One gram-centimeter of work is defined as the amount of work that is done when a force equal to the weight of 1 g acts through a distance of 1 cm, and the kilogram-meter is defined as the work which is done when a force equal to the weight of 1 kg acts through a distance of 1 m.

The gram-centimeter is the amount of work done when a mass of 1 g is lifted a vertical distance of 1 cm at constant speed against the action of gravity.

The Erg. — The gravitational units of work, like the gravitational units of force which enter into them, depend on the place on the sur­face of the earth at which they are used. For this reason an absolute unit of work, the erg, is frequently used. An erg of work is the work done when a force of 1 dyne acts through a distance of 1 cm. Since the weight of 1 g is equivalent to 980 dynes, a gram-centimeter of work is equivalent to 980 ergs; i. e., when a mass of 1 g is lifted a distance of 1 cm against the force of gravity, 980 ergs of work are done.

Power

In defining work as the force multiplied by the distance through which it acts, it is to be observed that the element of time does not enter. The same work is done in lifting a mass of 300 lb a distance of 100 ft whether the work is done in a day or in a minute. The same work is done whether the mass is carried in a single load or in two or more loads. The amount of work done is measured by the end result, and it does not in any way depend upon the time to do the work.
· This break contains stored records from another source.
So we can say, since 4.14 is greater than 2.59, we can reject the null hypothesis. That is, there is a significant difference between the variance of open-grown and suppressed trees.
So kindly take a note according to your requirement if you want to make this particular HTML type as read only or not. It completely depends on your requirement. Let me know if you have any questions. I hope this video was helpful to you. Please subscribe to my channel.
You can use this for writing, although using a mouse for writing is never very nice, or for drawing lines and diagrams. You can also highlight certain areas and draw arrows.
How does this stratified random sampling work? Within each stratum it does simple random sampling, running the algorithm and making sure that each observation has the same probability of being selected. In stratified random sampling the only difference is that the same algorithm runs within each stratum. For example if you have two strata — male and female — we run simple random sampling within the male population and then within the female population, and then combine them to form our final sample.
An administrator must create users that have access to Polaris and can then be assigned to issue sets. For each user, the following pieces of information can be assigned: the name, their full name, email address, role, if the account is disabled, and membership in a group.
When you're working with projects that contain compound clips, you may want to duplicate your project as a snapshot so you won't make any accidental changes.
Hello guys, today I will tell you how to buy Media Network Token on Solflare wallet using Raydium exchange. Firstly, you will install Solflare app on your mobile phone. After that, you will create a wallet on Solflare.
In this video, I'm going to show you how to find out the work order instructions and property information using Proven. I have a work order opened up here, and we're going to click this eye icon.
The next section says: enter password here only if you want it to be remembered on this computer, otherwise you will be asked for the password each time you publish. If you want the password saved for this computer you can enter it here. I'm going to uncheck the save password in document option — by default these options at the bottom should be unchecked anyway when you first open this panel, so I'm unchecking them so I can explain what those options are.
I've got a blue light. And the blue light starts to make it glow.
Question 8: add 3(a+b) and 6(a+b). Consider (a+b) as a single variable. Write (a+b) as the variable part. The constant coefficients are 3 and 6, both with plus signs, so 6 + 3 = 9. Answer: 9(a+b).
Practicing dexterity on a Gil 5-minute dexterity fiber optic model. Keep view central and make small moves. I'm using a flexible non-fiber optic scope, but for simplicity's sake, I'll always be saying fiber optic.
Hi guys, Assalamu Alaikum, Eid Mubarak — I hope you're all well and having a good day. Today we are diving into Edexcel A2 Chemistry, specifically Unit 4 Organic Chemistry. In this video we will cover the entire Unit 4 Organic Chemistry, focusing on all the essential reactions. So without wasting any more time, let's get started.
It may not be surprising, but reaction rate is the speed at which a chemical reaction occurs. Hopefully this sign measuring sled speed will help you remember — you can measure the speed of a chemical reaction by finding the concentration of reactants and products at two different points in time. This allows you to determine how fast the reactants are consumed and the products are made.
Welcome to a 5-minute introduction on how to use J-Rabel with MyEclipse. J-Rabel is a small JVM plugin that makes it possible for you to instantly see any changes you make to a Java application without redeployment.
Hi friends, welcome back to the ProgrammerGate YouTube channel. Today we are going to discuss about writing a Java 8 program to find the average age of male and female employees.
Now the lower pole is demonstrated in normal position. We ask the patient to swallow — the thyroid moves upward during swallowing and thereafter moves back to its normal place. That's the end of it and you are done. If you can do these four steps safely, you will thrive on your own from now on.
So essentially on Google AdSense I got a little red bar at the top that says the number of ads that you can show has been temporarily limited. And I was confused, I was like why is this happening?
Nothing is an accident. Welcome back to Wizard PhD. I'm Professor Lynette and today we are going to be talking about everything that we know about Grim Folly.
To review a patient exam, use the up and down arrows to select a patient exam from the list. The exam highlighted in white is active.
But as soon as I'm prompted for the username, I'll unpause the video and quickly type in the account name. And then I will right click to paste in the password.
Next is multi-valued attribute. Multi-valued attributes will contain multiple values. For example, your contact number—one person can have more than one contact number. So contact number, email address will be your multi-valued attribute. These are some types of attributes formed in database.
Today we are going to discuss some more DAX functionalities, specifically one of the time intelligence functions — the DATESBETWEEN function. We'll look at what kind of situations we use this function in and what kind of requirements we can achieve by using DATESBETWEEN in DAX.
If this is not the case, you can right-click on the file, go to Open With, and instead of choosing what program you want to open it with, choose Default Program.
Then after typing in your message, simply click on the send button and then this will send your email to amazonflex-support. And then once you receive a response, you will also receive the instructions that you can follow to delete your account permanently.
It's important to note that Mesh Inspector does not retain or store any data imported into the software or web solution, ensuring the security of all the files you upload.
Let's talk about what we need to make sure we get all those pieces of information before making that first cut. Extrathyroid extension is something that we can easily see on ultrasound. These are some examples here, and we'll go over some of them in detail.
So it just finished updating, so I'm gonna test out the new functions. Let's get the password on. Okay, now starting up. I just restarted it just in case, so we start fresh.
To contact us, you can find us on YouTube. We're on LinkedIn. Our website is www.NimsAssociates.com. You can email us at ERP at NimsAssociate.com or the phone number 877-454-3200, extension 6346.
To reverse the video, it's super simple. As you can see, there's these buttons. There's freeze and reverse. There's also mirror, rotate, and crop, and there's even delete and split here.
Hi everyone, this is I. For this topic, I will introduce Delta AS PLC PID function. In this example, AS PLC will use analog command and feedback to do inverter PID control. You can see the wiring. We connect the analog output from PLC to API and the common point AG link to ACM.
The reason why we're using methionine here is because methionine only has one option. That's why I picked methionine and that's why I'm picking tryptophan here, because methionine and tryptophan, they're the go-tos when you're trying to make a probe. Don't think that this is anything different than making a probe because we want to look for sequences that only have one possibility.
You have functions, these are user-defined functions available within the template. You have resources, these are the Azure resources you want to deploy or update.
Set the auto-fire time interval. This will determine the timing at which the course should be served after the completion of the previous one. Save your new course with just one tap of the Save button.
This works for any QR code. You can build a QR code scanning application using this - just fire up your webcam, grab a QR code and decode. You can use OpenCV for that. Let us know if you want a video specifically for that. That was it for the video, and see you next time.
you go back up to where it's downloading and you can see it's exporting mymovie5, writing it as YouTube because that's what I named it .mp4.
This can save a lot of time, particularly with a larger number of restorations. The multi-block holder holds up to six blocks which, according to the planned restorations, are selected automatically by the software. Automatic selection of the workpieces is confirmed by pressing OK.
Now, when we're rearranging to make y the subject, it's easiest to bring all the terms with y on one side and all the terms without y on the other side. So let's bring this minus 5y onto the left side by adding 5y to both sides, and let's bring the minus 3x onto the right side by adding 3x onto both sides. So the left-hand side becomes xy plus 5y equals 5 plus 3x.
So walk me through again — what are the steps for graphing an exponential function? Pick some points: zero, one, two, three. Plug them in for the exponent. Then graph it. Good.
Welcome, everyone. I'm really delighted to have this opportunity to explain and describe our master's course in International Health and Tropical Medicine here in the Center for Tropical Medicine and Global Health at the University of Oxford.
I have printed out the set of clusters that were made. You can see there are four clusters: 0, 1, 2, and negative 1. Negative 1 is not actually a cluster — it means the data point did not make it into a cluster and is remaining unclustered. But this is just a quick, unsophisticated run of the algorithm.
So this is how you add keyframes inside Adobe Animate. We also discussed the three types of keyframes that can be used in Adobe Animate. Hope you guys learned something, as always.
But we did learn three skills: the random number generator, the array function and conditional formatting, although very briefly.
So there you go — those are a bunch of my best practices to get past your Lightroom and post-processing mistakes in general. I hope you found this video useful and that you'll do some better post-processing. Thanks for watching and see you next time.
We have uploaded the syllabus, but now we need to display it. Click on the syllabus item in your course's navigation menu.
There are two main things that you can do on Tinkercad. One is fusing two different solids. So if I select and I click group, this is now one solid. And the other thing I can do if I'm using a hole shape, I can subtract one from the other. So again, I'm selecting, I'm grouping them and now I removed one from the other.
In the consideration of a machine it is necessary to know more than the total amount of work that the machine can do. It is desirable to know the rate at which the machine works. The time rate of doing work is called power. Hence

Power = work : time = force x distance : time = F x s : t = work, per unit of time

Since s : t = v

Power = force x velocity = Fv

Horsepower. — The English unit of power is called the horsepower. A horsepower denotes the ability of a machine to do 33,000 ft-lb of work in 1 min or 550 ft-lb in 1 sec.